B4Checkin, the Halifax company offering SaaS hotel reservation systems, has received certification from leading hotel booking website TripAdvisor, greatly improving flexibility and efficiency for the startup’s clients.

The company issued a press release Tuesday saying the partnership with TripAdvisor, which has more traffic than any other hotel review site, will let hotels using the B4Checkin system route prospective guests directly to their own websites from listings on TripAdvisor.  These hotels will benefit from an increase in direct bookings without having to pay the additional fees and commissions that typically accompany third-party referrals, said the Halifax company.

“By partnering with the world’s largest travel review site, we’re able to deliver to our hotel clients a tremendously valuable class of potential customers – those who have already done the research and are ready to book – and best of all, this new revenue stream comes through their own proprietary channel as direct bookings so there are no OTA fees involved,” said B4Checkin President and CEO Saar Fabrikant.

B4Checkin has developed a suite of cloud-based software solutions that allow hotels and hotel chains to carry out online reservations, check-ins, feedback and other functions. The company earns money from customizing and installing the software for its clients — most of whom have been independent hotels or small chains — and in the monthly payments hotels make for using the software. It tripled those monthly payments in 2012 after doubling them in 2011.
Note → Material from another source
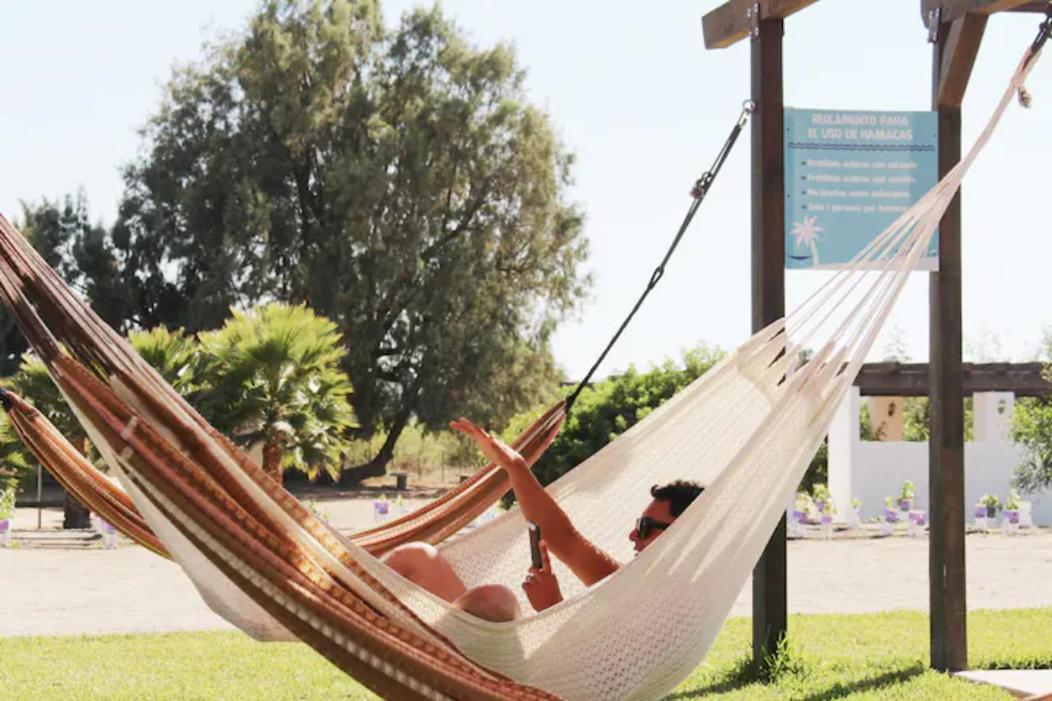 Quintas Marlet En La Ruta Del Vino Ensenada Bagian luar foto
Earlier this year, Fabrikant said the company would expand its sales team and was looking for people with experience in the hospitality trade. It had 12 employees as of April.

B4Checkin began in 2006 when Fabrikant and chief financial officer Martin MacKinnon teamed up to produce a reservation system for hotels that were overlooked by larger providers. They have since developed a suite of products and have been increasing revenues in part by cross-selling these new products to clients that initially bought just one.

They financed the company first with their own money, then with contributions from the Atlantic Canada Opportunities Agency, and then with a group of angel investors. Since December 2010, these investors, which include the co-founders, former Imasco chairman Purdy Crawford, former Emera CEO David Mann and others, have sunk at least $1.7 million into the company.